The financial industry including banks, insurance companies, payment service providers, and other players produce massive amounts of data by the minute. At the same time, a new crop of players in the digital space are exerting ever more pressure on the traditional economy. Being a data-driven financial institution requires that companies are able to sort through their data, integrate multiple data sources, and meet user needs.

Sources of Data in the Financial Industry

Data is everywhere, ranging from customer information, account transactions, online purchase activities, service logs, social media interactions with clients, customer queries to customer campaigns. We even have emerging sources such as wearables and IoT and messages across communication platforms. Above all, financial companies contain large databases with a rich source of financial information and customer behavior.

Databases in the financial space can be analyzed for trends and the data can also be exported to other tools such as Excel. However, as the data is massive and standardized, using traditional tools to analyze it does not offer a unique benefit for extracting meaning from the entire engagement with customers. Using standard databases is not the best way to extract meaningful insights from data.

An emerging trend in the financial sector is the rise of mobile. Mobile devices generate massive volumes of data today and can offer interesting insights into how a customer engages with their financial services provider. Companies understand that mobile is the next frontier to win and retain customers and are battling it out for opportunity. Mobile data promises to be a game-changer providing enterprises a massive competitive advantage.

On the whole, financial databases contain excellent financial modeling data such as key economic factors, transaction patterns, comparable analysis, and securities, bonds, and derivatives reporting.

Classification of Big Data

Big Data falls into three main categories or classes including:

  • Structured Data
  • Unstructured Data
  • Semi-structured Data

Structured Data

Structured Big Data can be accessed using standard formats such as a database or a file system. Such data is found in core banking systems, such as accounts, customer information, and transactional databases. Over the years, technology has enabled robust mechanisms to handle such data and extract actionable insights from it. However, it has become too large for traditional systems such as SQL databases and tends to slow down operation. Hence, data is archived after a certain period of time and only accessed when necessary. We are talking about data in multiple zettabytes accumulated over long periods of time. The growth today is monumental owing to multiple consumer interfaces. With such massive data, we can see why the term Big Data is used. Let us see an example of structured data below:

Branch_ID Customer_Name Gender Account_number Balance
001 John Doe Male 12345679 "1000000"
002 John Doe Female 14345679 "1000000"
003 John Doe Male 22345679 "1000000"
001 John Doe Male 12345679 "1000000"
002 John Doe Female 12345679 "1000000"

Structured data is neat but over time can become complex to the extent that working with it becomes expensive.

Unstructured Data

Unstructured data is any type of data without a known form or standard way of accessing it. It tends to be very huge and diverse such that extracting meaning from it is extremely challenging.
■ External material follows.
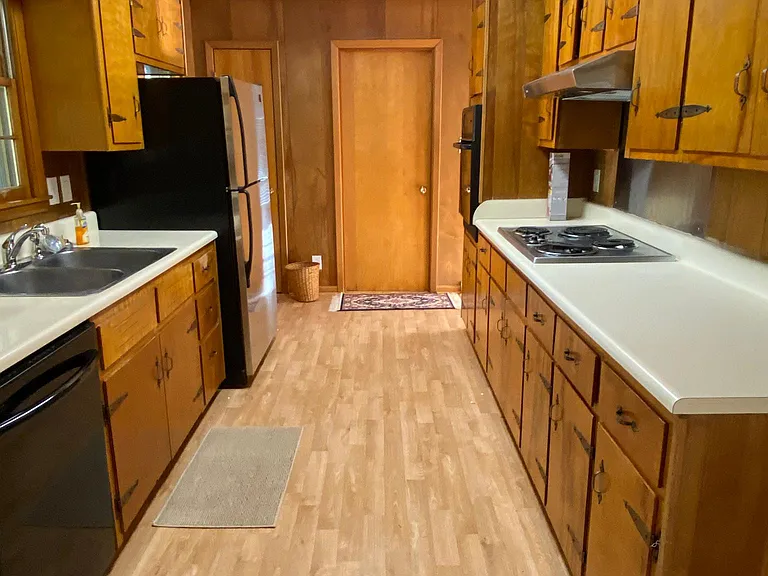 807 Watts Dr SE — Photo 6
Financial institutions generate massive amounts of data from customer purchases, communication channels such as Facebook, Twitter, and Messenger among others. They also contain a wealth of information such as the background of customers, pictures, and videos, all of which require complex algorithms to relate. However, most financial institutions such as banks do not possess the capability to do such computations at scale.

Examples include:

  • Email messages
  • Word documents
  • Videos
  • Tweets
  • Customer Photos
  • Alibaba.com search queries

While some file types may have a form of structure, they are considered unstructured because such data does not fit natively into the host database. Presently, nearly 90% of all generated data is unstructured and this percentage is growing.

Semi-structured Data

Semi structured data forms contain both structured and unstructured data. While at first glance such data may seem structured, for example, entity relationship definition of an SQL schema, it still requires some additional processing to fit into a database. See the example below:

<to> Jane Doe</to>
<from>John Doe</from>
<heading>Call missed</heading>
<body class="expansion-alids-init">Please call me back! </body>

What Are the Opportunities in Big Data?

Big Data is an opportunity goldmine with challenges of all kinds. Financial service providers (FSPs) must process all data touching a consumer and weave-in advanced analytics in an "affordable, efficient, and reliable" manner. In fact, the financial services sector is one of the leading sectors in the adoption of highly intelligent data management solutions.

One of the most important use cases for Big Data is the deployment of platforms that cover the entire data lifecycle for the most intelligent applications. Banks learn from patterns and insights extracted from the data to expedite the development of new products and to enhance data modeling and analysis of existing services.

Another important trend is sentiment analysis using social media data. Using Big Data analysis from social media, banks, and other FSPs can have a 360-degree view of their customers and stay up to date with the most current trends. That way they reduce reaction time for better customer service.

Even further, systems with the ability to store and retrieve massive amounts of data in structured, unstructured, and semi-structured formats can be enriched with analytics that delivers real-time insights, security, and business value. It is likely one of the trends that will dominate the sector in the coming years.

It is likely that FSPs will continue to advance their machine learning capabilities, integrate more data into unified platforms, and enhance their predictive capabilities. Such measures will drive the automation of many manual tasks in the sector using AI and new service offerings. According to some reviews, below are the industries leading in the adoption of AI:

  • High tech companies and telcos
  • Automotive and assembly industries
  • Financial services

Of course, with vast amounts of data in the financial sector, security remains an important consideration. Data platforms of the future shall leverage the power of predictive analytics, artificial intelligence, automation, and scale to solve novel problems.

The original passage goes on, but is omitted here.